Usually robots perform one concrete function. However, why not go beyond this and make a multifunction robot? If you agree, I will show you to how create a 3-in-1 wireless-bot.

In particular, the project described in this article has been developed as a final project into the Printed Circuit Board (PCB) Design subject in the 3rd course of the MSc. in Electrical and Electronic Engineering at the Public University of Navarre, Spain.

First of all, it is required to describe the three different functions of the robot:

  • The main feature and the focus of the design is “mini-SUMO”. Here the robot is designed to autonomously fight against another robot and push it out of the dojo, as in the traditional sumo fight.
    Nowadays, miniSumo robot competitions are official and the robot has to follow several design rules concerning the size, weight and operation of the robot.
  • The second option is called “LINE FOLLOWER”. As its name indicates, the robot moves following a black line outlined on a white surface. Here, the robot plays a song during the route in order to make the tracking of the line more enjoyable for the viewer.
  • The last feature consists of the “REMOTE CONTROL” operation. Here, the user fully controls the movements of the robot via Bluetooth with a mobile phone app.

For the development of the robot a basic knowledge of four different fields is required: electronic circuits, PCB design, microcontrollers and 3D modelling. Nevertheless the lack of some knowledge can be compensated with curiosity and effort.

The full-project description will be divided into four main blocks as indicated above.

 

1. Electronic Design

As mentioned before, robots fighting in official sumo competition must follow some rules. Official rules have been fully accomplished by this project but it has some additional constraints as specified below:

  • MAX SIZE: 10x10 cm (widthxlenght) with no limitation in height.
  • MAX WEIGHT: 500 gram.
  • MAX BUDGET: 50€ (excluding PCB fabrication)
  • Include a general switch ON/OFF.
  • POWER SOURCE: 8.4V, 150mAh rechargeable batteries.
  • MOTION: DC motors,
  • SENSORS: close/far range infrared, ultrasound and contact sensors.
  • CONTROL: PIC microcontroller.
  • PROGRAM: 5 seconds to wait in before the combat starts.

 

According to this and the other two applications of the robot, the principal components chosen and a small explanation about their functions are listed below:

Microcontroller

The microcontroller governs the behaviour of the robot. More details about this component can be found in the Programming Environment part.

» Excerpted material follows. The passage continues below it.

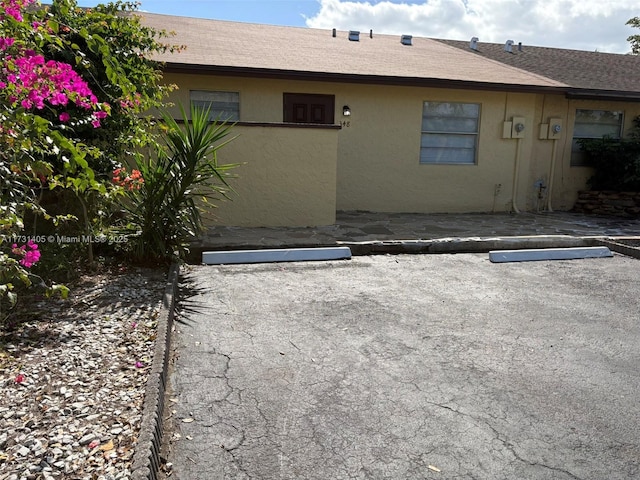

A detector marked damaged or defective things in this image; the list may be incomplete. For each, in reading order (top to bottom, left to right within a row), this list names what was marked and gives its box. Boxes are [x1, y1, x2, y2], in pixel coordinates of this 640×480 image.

In order to connect the PC with the microcontroller and enable direct programming/debugging of the robot a modular connector is essential.

Switches

One slide switch 2 positions: used to achieve the requirement of ON/OFF with a general switch.

One slide switch 3 positions: to choose the operating mode of the robot out of the three options available: “miniSUMO”, “LINE FOLLOWER” and “REMOTE CONTROL”.

Linear voltage regulator

This component reduces the battery voltage into 5V and keeps it constant to supply the power to the rest of the components (microcontroller, sensors, motor driver, etc). The linear voltage regulator is important since all the components operate with a voltage of 5V, except for the motors that are supplied directly from the battery. In addition, as shown in Fig.1, this component needs two bulk electrolytic capacitors in order to guarantee the proper power delivery to every component during high power requirement transients, such as motor switch on.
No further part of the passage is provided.